▶ _Aim of the task_
With the pictures removed, reproduce exactly the lines from the one that contains "You can now" through the last line of the entries below.

######

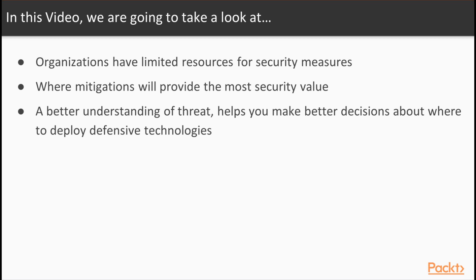All organizations have limited resources to deploy on security measures, and there are so many security tools, technologies, and techniques that you can deploy around your enterprise. Security quickly becomes overwhelming if you do not know where mitigations will provide the most security value. Integrating threat modeling into your risk management process allows you to objectively think through the threats and their impacts to your system. When you have a firm understanding of each threat's impact and likelihood, you can then make better decisions about where to deploy defensive technologies.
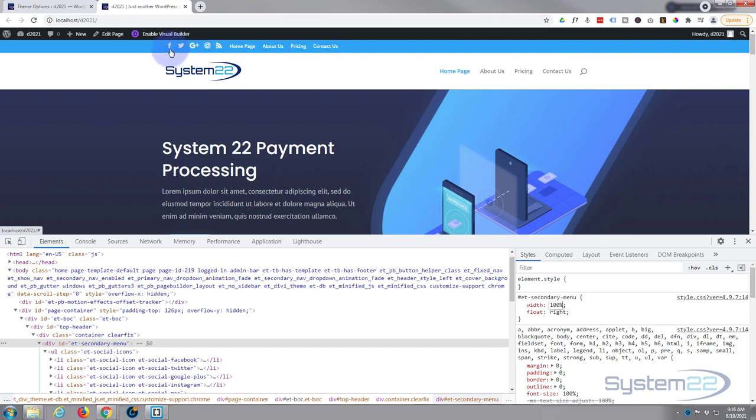So all we need to do is push our menu across now. So if we just inspect this little menu itself here...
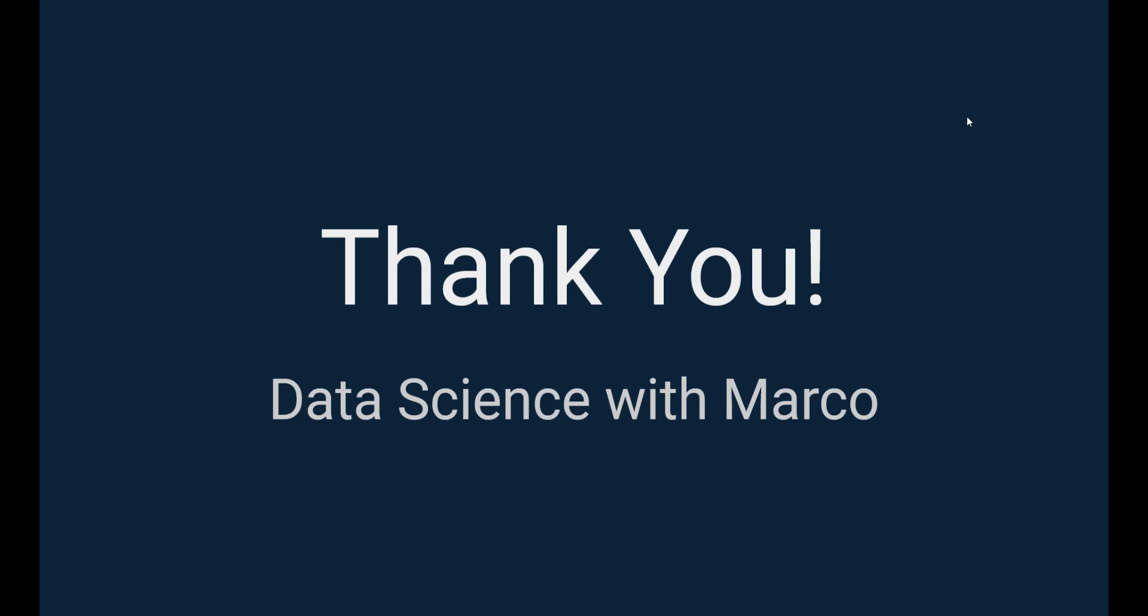And if by any chance you click on the link and the promo code has expired, feel free to send me an email. It will also be in the description, and I will send you a coupon code so that you get the course on sale. So thank you very much, and I'll see you on the next one.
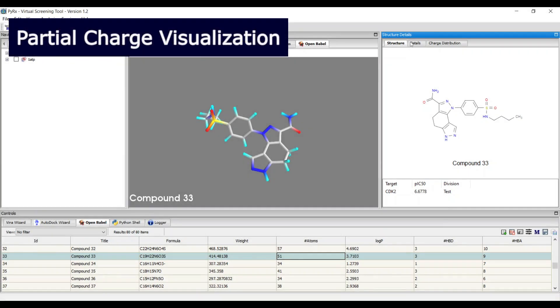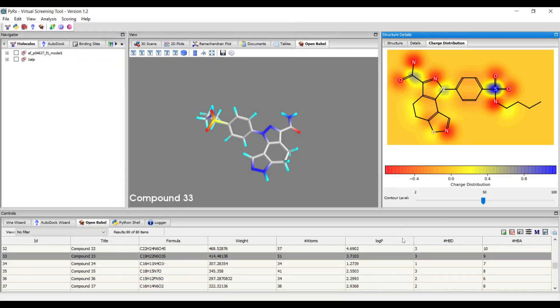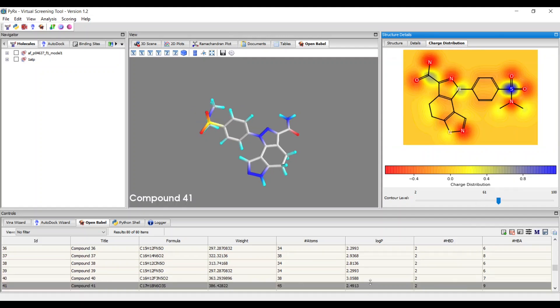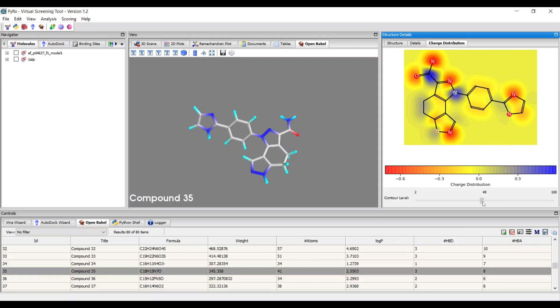You can now visualize ligand partial charge distribution in the Structure Details panel, which provides improved ligand structure analysis and understanding. You can control the contour level of partial charge visualization.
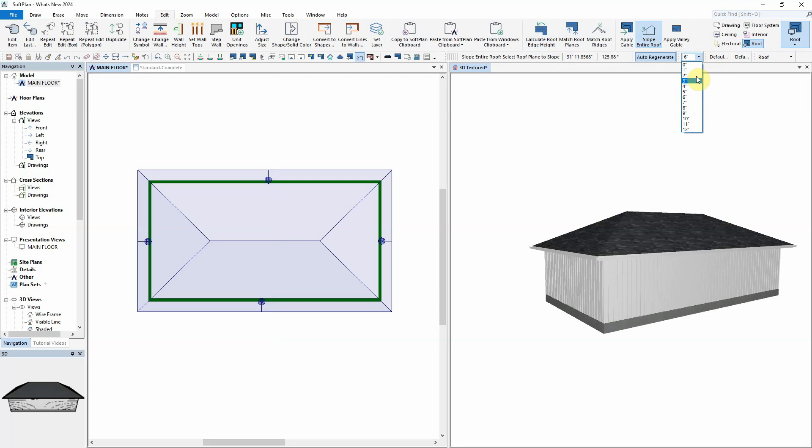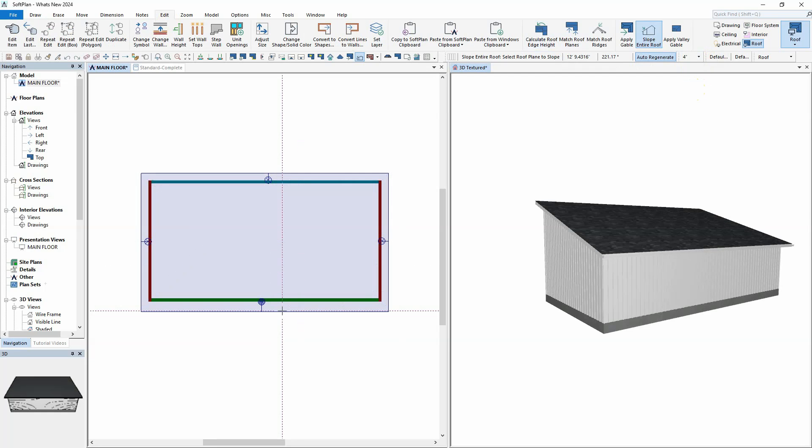Simply select Edit Slope Entire Roof, adjust the pitch as desired, and click where the low side is to be located for the sloped roof.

######

▶ _Solution_
You can now visualize ligand partial charge distribution in the Structure Details panel, which provides improved ligand structure analysis and understanding. You can control the contour level of partial charge visualization.
Simply select Edit Slope Entire Roof, adjust the pitch as desired, and click where the low side is to be located for the sloped roof.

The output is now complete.